I need to sit down and think hard about the way that I'm doing joins, but since this datalog subset supports only queries which constitute DAGs I think it's generally correct. Pretty stoked this works at all.

arrdem commented 6 years ago

Overhauled the query language to follow Datascript/Datomic's example. Now looks more recognizable. The query front-end now features a limited type inference engine, enabling relations to be specified only by the spec of the right-hand side as the right hand side can be inferred in some cases. Relations can still be specified fully by ID.

The aesthetic choice was made to diverge from datalog/datomic in that :find/:in/:where clauses are sequences of terms rather than bare terms in-line. This fits my taste but may be worth re-visiting. Writing a frontend shim between the two notations shouldn't be hard.

Queries which have :in parameters may now become "prepared", in that they're just waiting for n-many :in arguments.
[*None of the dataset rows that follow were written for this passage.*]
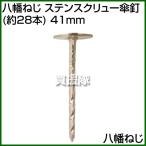 八幡ねじ ステンスクリュー傘釘 約28本 41mm サイズ:41mm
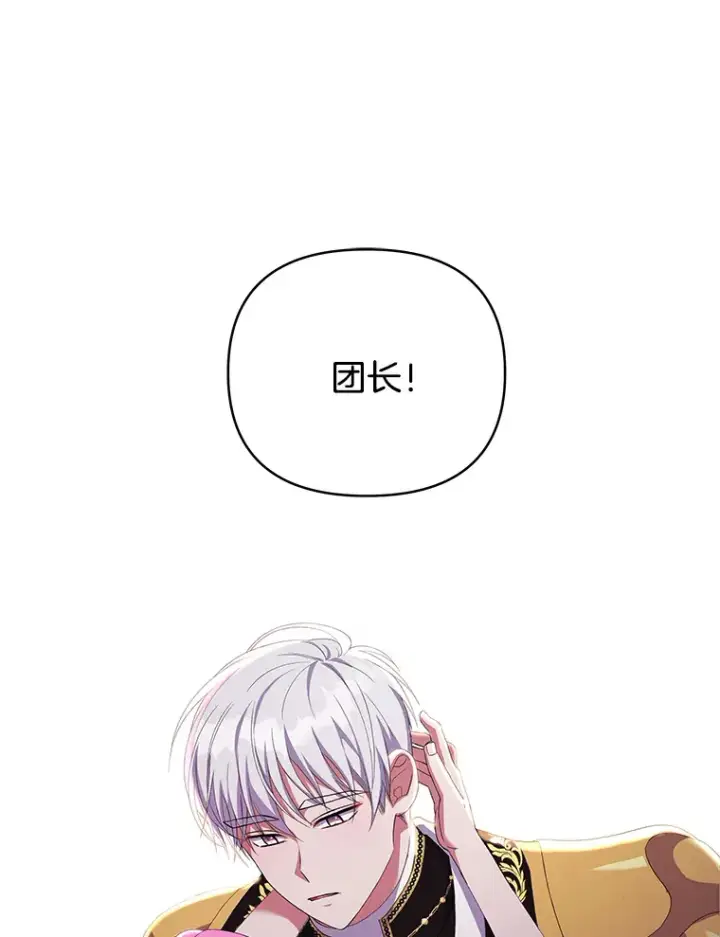 《偏执男配疯掉了》14.黑蛇吐信图81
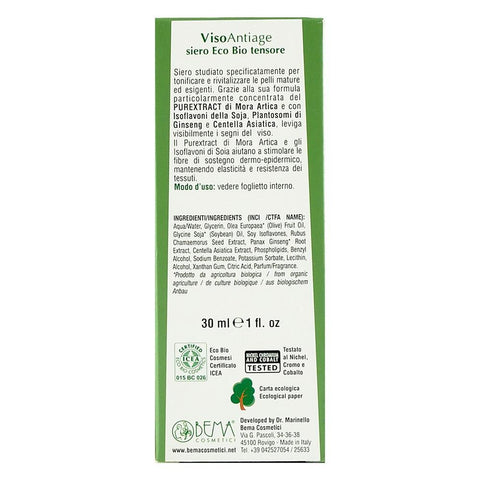 Ser cu efect de lifting pentru ten, Bema VisoAntiage, bio, 30 ml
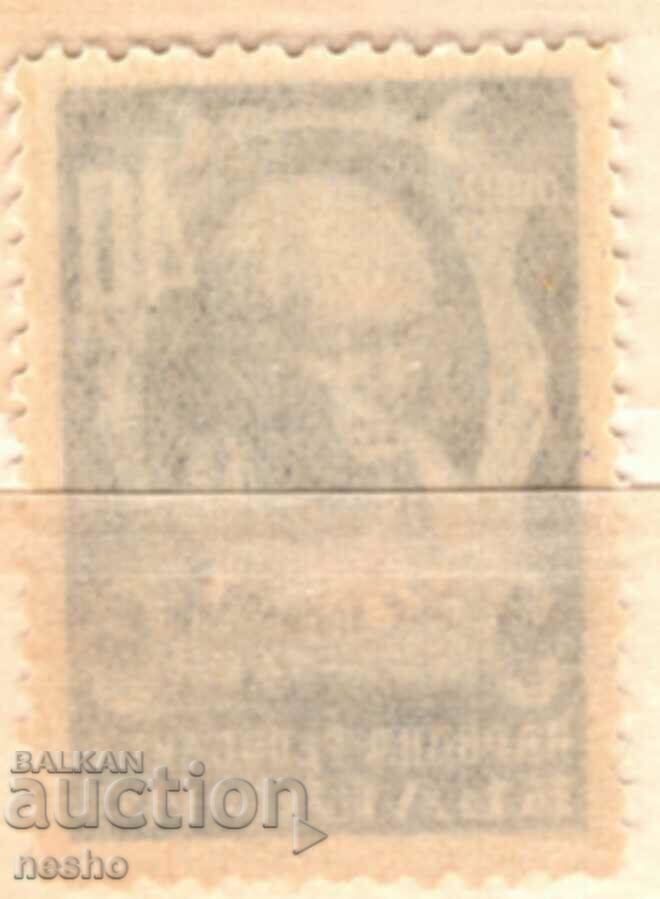 philately with price 0.30 BGN | € 0.15 philately with price 0.30 BGN | € 0.15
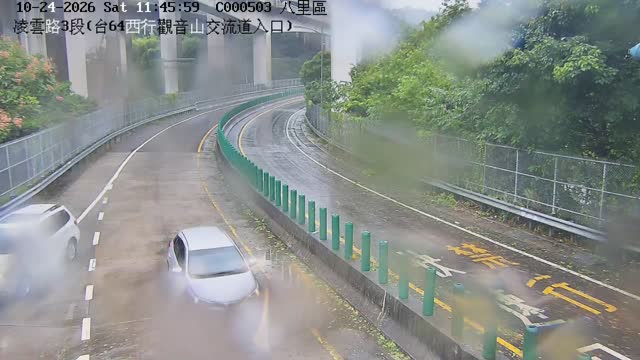 凌雲路3段(台64西行觀音山交流道入口)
Queries with 0 :in arguments are implicitly applied so that (q conn query & args) sorta works as expected.

query-demo> (q *conn
               '[:find   [?qux]
                 :in    [?in]
                 :where [[?bar [::bar ::foo] ?in]
                         [?bar [::bar ::qux] ?qux]]])
#object[clojure.core$partial$fn__5561
        "0x536c4213"
        "clojure.core$partial$fn__5561@536c4213"]
query-demo> (def prepared-query *1)
#'query-demo/prepared-query
query-demo> (prepared-query "c")
({?qux 1})
query-demo> (prepared-query "b")
({?qux 1})
query-demo> (prepared-query "a")
({?qux 1} {?qux 2} {?qux 3})
query-demo> 
arrdem commented 6 years ago

Supporting Datascript/Datomic style inline queries turned out to be a snap with s/alt.

query-demo> (q *conn
               '[:find [[:from ::qux ?qux]]
                 :where [[?bar [::bar ::foo] "a"]
                         [?bar [::bar ::qux] ?qux]]])
({?qux 1} {?qux 2} {?qux 3})
query-demo> (q *conn
               '[:find [:from ::qux ?qux]
                 :where [?bar [::bar ::foo] "a"]
                        [?bar [::bar ::qux] ?qux]])
({?qux 1} {?qux 2} {?qux 3})
query-demo> 
arrdem commented 6 years ago

Questions for the morning:


Edit: answers from the afternoon,

Documentation improvements, including a tutorial for my flavor of "datalog" are definitely required for a release but I'm gonna punt on them for now. Want to get some of the spec round-tripping features done which will further enable this work.